A mettere in difficoltà le forze dell’ordine impegnate nel contrasto alla compravendita di stupefacenti è l’impossibilità di intervenire efficacemente per bloccare il business delle Smart drug, di fatto legali sebbene potenzialmente pericolose per la salute. Come spiegano alla Direzione centrale per i servizi antidroga, le sostanze in vendita negli Smart shop non sono infatti contenute nelle tabelle del ministero della Salute nelle quali è indicato il principio attivo presente in ogni droga. A rendere impossibile un intervento repressivo mirato è dunque l’assenza a livello normativo di definizioni precise in merito a questo tipo di sostanze: l’assetto legislativo relativo alle “droghe furbe” è in piena evoluzione (la Corte di Cassazione deve ancora pronunciarsi sul tema dopo i numerosi solleciti delle forze dell’ordine impegnate sul campo) tanto che gli “addetti ai lavori” continuano a lamentare l’esistenza di una “zona grigia”.
 

LA NORMATIVA
Risale al dicembre 2006 l’ultima novità di rilievo introdotta a livello legislativo nell’ambito della normativa relativa al contrasto al narcotraffico. Si tratta della modifica dell’articolo 93 dpr 309 del ‘90, che prevede la possibilità per le forze dell’ordine di avvalersi di ausiliari di pg per le attività sotto copertura nei servizi antidroga ed implica quindi in caso di necessità l’eventuale scesa in campo di esperti in vari settori non legati alle forze di polizia. L’operato di queste figure, che deve essere ogni volta autorizzato dalla polizia giudiziaria, si rivela spesso cruciale ai fini delle indagini: esperienze professionali “di ampio respiro” maturate in ambiti diversi possono riuscire a dare nuovo impulso agli accertamenti, grazie a saperi ed esperienze che si incrociano con quelle degli agenti.
Per quanto riguarda la normativa di base, con la legge 49 del 2006 è stato modificato il Testo unico in materia di stupefacenti (legge 309/90) e abolita la distinzione tra droghe pesanti e leggere. In base a quanto stabilito dalla norma, le sostanze vengono suddivise in due categorie: droghe illegali (eroina, cannabis, cocaina, eccetera) e farmaci. Il criterio che distingue lo spaccio dal consumo è quello della soglia minima: oltre al limite prefissato dalle autorità è possibile identificare il reato di spaccio, mentre le persone trovate in possesso di quantità ritenute per uso personale vanno incontro solo a sanzioni amministrative.
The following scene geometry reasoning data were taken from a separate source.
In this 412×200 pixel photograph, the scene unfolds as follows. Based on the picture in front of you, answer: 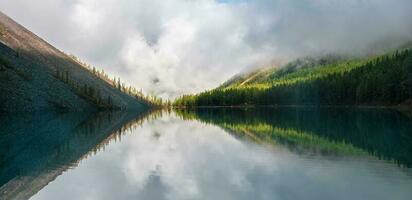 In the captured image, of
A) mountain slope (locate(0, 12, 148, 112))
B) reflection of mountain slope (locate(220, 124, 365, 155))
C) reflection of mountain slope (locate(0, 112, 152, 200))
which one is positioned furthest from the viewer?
mountain slope (locate(0, 12, 148, 112))

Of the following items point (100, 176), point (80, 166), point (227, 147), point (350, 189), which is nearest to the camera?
point (350, 189)

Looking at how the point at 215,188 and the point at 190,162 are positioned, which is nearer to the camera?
the point at 215,188

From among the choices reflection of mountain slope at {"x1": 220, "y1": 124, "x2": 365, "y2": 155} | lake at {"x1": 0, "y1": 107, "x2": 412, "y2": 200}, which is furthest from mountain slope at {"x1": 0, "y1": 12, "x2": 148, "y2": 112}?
reflection of mountain slope at {"x1": 220, "y1": 124, "x2": 365, "y2": 155}

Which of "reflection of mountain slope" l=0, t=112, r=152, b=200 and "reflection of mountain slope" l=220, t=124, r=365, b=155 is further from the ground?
"reflection of mountain slope" l=220, t=124, r=365, b=155

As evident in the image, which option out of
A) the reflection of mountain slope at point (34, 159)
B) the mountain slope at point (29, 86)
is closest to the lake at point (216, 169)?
the reflection of mountain slope at point (34, 159)

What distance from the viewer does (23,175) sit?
3666 cm

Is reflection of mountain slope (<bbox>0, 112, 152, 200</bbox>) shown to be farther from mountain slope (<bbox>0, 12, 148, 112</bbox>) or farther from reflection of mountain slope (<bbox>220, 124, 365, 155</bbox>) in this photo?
mountain slope (<bbox>0, 12, 148, 112</bbox>)

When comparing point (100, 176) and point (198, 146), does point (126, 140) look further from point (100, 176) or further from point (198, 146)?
point (100, 176)

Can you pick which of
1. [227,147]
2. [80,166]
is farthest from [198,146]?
[80,166]

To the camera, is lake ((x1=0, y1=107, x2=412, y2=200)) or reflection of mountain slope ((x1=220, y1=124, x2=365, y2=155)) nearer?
lake ((x1=0, y1=107, x2=412, y2=200))

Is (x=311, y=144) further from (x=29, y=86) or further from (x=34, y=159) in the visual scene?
(x=29, y=86)

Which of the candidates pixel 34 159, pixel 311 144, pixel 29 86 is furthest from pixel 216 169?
pixel 29 86

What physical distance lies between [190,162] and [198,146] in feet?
50.1

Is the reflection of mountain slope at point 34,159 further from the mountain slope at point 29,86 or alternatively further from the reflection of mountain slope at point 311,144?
the mountain slope at point 29,86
4. Contrasto al narcotraffico
Attività illegali di più tipi gestite con dimestichezza dalle stesse bande, per le quali il reinvestimento dei proventi nel redditizio mercato della droga è diventato ormai una prassi. Trafficanti che si specializzano in modalità di trasporto della merce sempre più sofisticate e che inventano nuove rotte per sfuggire ai controlli. È un lavoro complesso e in continua evoluzione quello della Direzione centrale per i servizi antidroga, l’organismo interforze che opera per il ministero dell’Interno in ambito nazionale e internazionale per contrastare il traffico di stupefacenti, e che è impegnato anche in una serie di programmi di intervento per la prevenzione della tossicodipendenza. La “missione” cui sono chiamati gli investigatori, come illustra il questore Sebastiano Vitali, direttore del 3° servizio dell’Antidroga, rappresenta una sfida: oggi più che mai la lotta alla droga implica una visione a tutto campo da parte delle forze dell’ordine, visto che la criminalità organizzata agisce sempre più spesso secondo sinergie.
Per colpire i trafficanti, in sostanza, gli agenti devono tenere conto delle diverse attività illegali commesse in contemporanea dalle bande, monitorare il modo in cui vengono investiti i proventi, e nel contempo vigilare sul coinvolgimento delle mafie nel business del narcotraffico dove le cosche affondano sempre più spesso i propri artigli, attratte da un margine di guadagno altissimo. Non è un caso se la Libia, da cui partono a scadenze fisse gruppi di immigrati che cercano di approdare clandestinamente in Italia, è diventata oggi un vero punto di riferimento per la compravendita degli stupefacenti. E non è per coincidenza se molte delle bande albanesi che anni fa cominciarono a specializzarsi nel trasporto di clandestini si sono poi attivate anche nel campo della droga: i gruppi criminali hanno capito che il metodo migliore per “ottimizzare” tempo e risorse è quello di agire su più fronti, parallelamente. Sfruttando gli stessi canali per tentare di mandare in porto traffici illeciti diversi.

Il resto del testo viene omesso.